The task -
Type out all the records word for word. Any pictures are to be left out.

━━━━━━━━

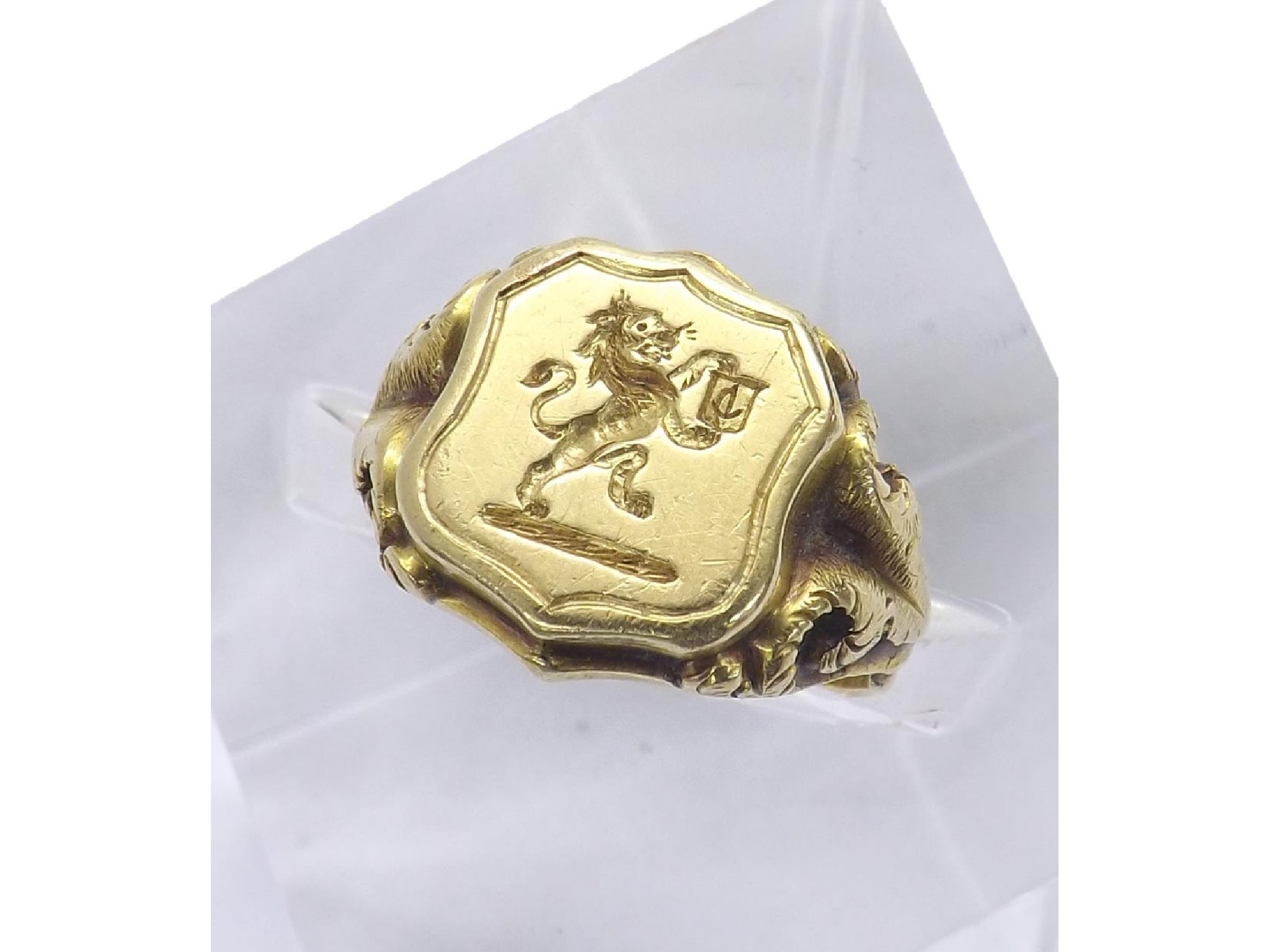 Appraisal: Victorian ct gentleman's family crest ring Birmingham the intaglio tablet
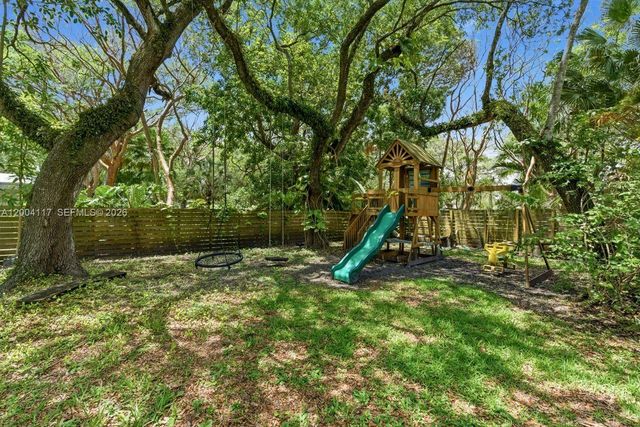 9870 SW 96th St, Miami, FL 33176
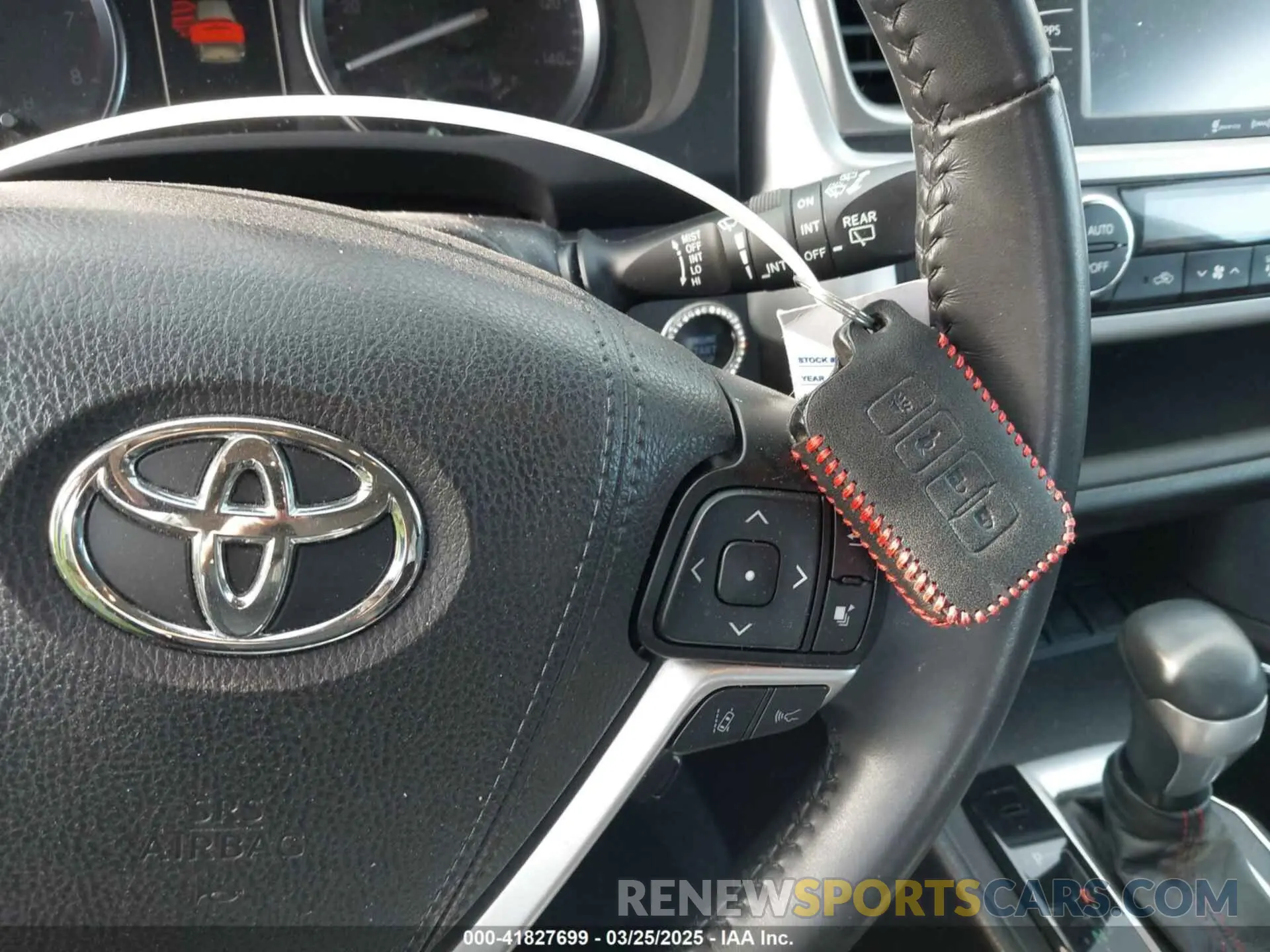 11 Photograph of a damaged car 5TDKZRFH2KS313342 TOYOTA HIGHLANDER 2019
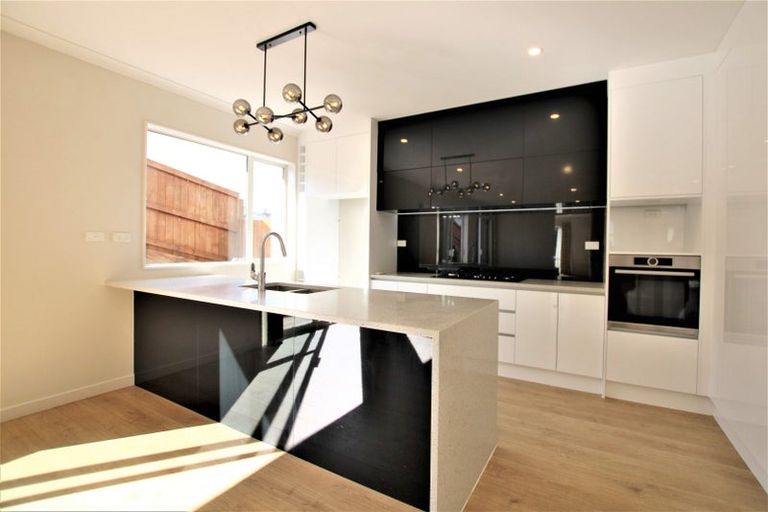 Photo of property in 18 Tararua Street, Massey, Auckland, 0614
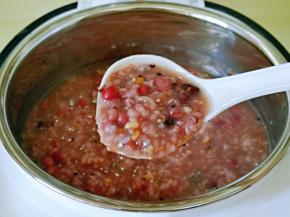 特别浓稠的杂粮粥。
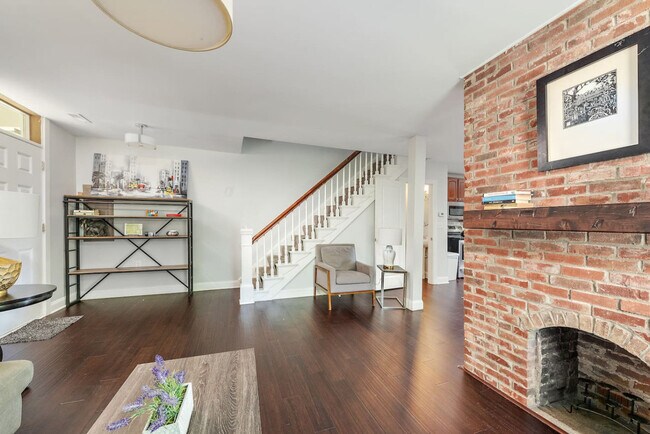 Foto del edificio - 107 E Clifton Ave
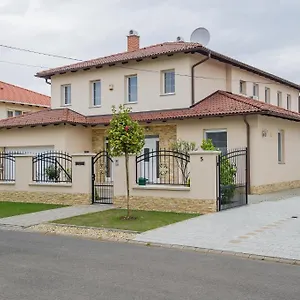 Apartman Aura, Hajdúszoboszló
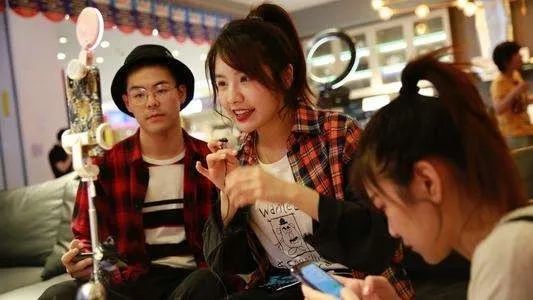 淘宝与快手直播带货底层逻辑差异_如何自己开直播带货快手_直播电商的发展历程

━━━━━━━━

Task response -
 Appraisal: Victorian ct gentleman's family crest ring Birmingham the intaglio tablet
 9870 SW 96th St, Miami, FL 33176
 11 Photograph of a damaged car 5TDKZRFH2KS313342 TOYOTA HIGHLANDER 2019
 Photo of property in 18 Tararua Street, Massey, Auckland, 0614
 特别浓稠的杂粮粥。
 Foto del edificio - 107 E Clifton Ave
 Apartman Aura, Hajdúszoboszló
 淘宝与快手直播带货底层逻辑差异_如何自己开直播带货快手_直播电商的发展历程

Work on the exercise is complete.